Mais velho foi primeiro. O casal escolheu o filho de 12 anos por ele ter mais independência. O sobrevivente seria deixado numa parte seca de Canoas e precisaria caminhar até um local em que a tia aguardava. Ela também estava as cegas, sem saber a hora que algum familiar apareceria. Se é que alguém chegaria.

Sem garantia de vida. Herbert relata que o coração apertou quando o menino sentou no jet-ski. A cabeça fervia imaginando se o veículo chegaria em segurança à terra firme e em como o filho iria se virar sozinho no meio do caos. Herbert fez uma foto temendo ser a última imagem que teria do garoto.

Sem informações. Quando o jet-ski desapareceu, um pai e uma mãe ficaram se remoendo. Era a antecipação em muitos anos do filho saindo de casa para enfrentar o mundo sozinho. Mesmo que fosse por algumas horas, isto ocorria em meio um armagedon de água.

Coração partido. Herbert ficou dividido. Metade dele se angustiava pelo filho ilhado com ele no telhado de casa. A outra metade doía por causa do filho longe e da falta de notícias dele.

km - Arquivo pessoal - Arquivo pessoal
Ilhado no telhado de casa, Herbert via água até onde a vista alcançava
Imagem: Arquivo pessoal

O resgate da família

Família teve que aguardar mais 3 horas. Herbert via a movimentação de barcos e jet-skis a partir do meio-dia, mas nenhum deles se aproximava de sua casa. Ele entendia. Mora num imóvel de dois andares e estavam socorrendo primeiro quem vive em locais mais vulneráveis. Por volta das 14 horas de sábado, um barco encostou. O casal e o filho de 8 anos subiram e rumaram para terra firme.
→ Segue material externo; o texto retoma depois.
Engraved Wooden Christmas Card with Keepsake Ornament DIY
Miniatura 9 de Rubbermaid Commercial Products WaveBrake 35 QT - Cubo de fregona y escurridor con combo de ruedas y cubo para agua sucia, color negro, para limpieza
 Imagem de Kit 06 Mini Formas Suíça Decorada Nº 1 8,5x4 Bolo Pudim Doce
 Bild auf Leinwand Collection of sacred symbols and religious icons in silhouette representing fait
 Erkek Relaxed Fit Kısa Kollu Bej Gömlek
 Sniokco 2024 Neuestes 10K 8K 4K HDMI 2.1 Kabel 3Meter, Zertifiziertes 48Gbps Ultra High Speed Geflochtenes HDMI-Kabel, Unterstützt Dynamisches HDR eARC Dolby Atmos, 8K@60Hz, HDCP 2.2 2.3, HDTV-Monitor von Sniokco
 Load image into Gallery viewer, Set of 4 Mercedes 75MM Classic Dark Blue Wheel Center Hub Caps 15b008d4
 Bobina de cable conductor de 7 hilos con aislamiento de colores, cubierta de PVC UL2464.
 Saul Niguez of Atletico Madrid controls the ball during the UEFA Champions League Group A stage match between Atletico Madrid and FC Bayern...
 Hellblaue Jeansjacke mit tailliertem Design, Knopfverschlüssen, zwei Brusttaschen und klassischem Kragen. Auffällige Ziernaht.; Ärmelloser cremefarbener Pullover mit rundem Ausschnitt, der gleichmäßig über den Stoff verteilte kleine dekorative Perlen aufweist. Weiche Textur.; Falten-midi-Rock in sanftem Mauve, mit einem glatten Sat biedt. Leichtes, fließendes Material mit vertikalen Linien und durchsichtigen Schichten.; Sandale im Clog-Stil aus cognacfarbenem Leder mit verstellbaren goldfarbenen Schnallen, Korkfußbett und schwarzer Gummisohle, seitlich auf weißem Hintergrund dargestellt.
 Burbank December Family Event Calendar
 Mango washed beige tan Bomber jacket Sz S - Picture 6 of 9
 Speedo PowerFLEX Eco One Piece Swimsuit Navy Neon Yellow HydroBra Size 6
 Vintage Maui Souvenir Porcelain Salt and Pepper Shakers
Outra escolha. Não havia coletes e Herbert era a única pessoa da família que sabia nadar. Por este motivo, fazia cálculos mentais sobre o que faria em caso de precisar fazer outra escolha cruel.

Filho é prioridade. Ele estava resoluto. Em caso de o barco virar, salvaria o filho. O medo que enfrentara havia tantas horas fazia Herbert continuar alerta e preocupado. "A viagem durou uns dez minutos, mas parecia que não chegava nunca. Foi a maior espera da minha vida".

Como tudo começou

Alerta ignorado. Ao longo da semana, as autoridades pediram para os moradores do bairro Rio Branco, em Canoas, deixarem suas residências. Herbert não atendeu porque as enchentes nunca chegaram à casa da família.

Alcançados pela enchente. Eram 11 horas da noite da sexta "quando a água bateu na minha porta", lembra. Os móveis foram colocados sobre o sofá e o casal se resignou por perder este móvel e precisar fazer uma limpeza pesada.

Água até o teto. Mas eles estavam errados. O bairro virou um rio e a casa estava no leito dele. Quando era 5 horas da madrugada somente o teto estava para fora d'água. Não havia mais como carregar o celular. "Eu queria salvar minhas coisas e, quando vi, estava lutando para salvar minha vida".

Desespero na vizinhança. Pessoas choravam e gritavam nas casas ao redor. No momento que o sol nasceu, a luz do dia deu dimensão do estrago: água até onde a vista alcança.

Medo do abandono. Herbert ficou mais preocupado porque não se via barcos circulando no começo da manhã. Ele não sabia, mas a cidade estava submersa. Os pedidos de socorro vinham de toda a parte e não havia braços para dar conta da demanda.

Futuro voluntário. Salvo, Herbert vai atuar no resgate de moradores de Canoas e ajudar nos abrigos. Quem tem a cicatrizes da enchente sabe a diferença que uma mão amiga faz.

Planos de show. Conhecido como DJ Cabeção, Herbert toca nos grandes festivais nacionais e foi procurado por vários músicos para organizar um show no futuro. Ele acha que seria uma boa maneira de marcar uma virada e melhorar o astral dos moradores de Canoas.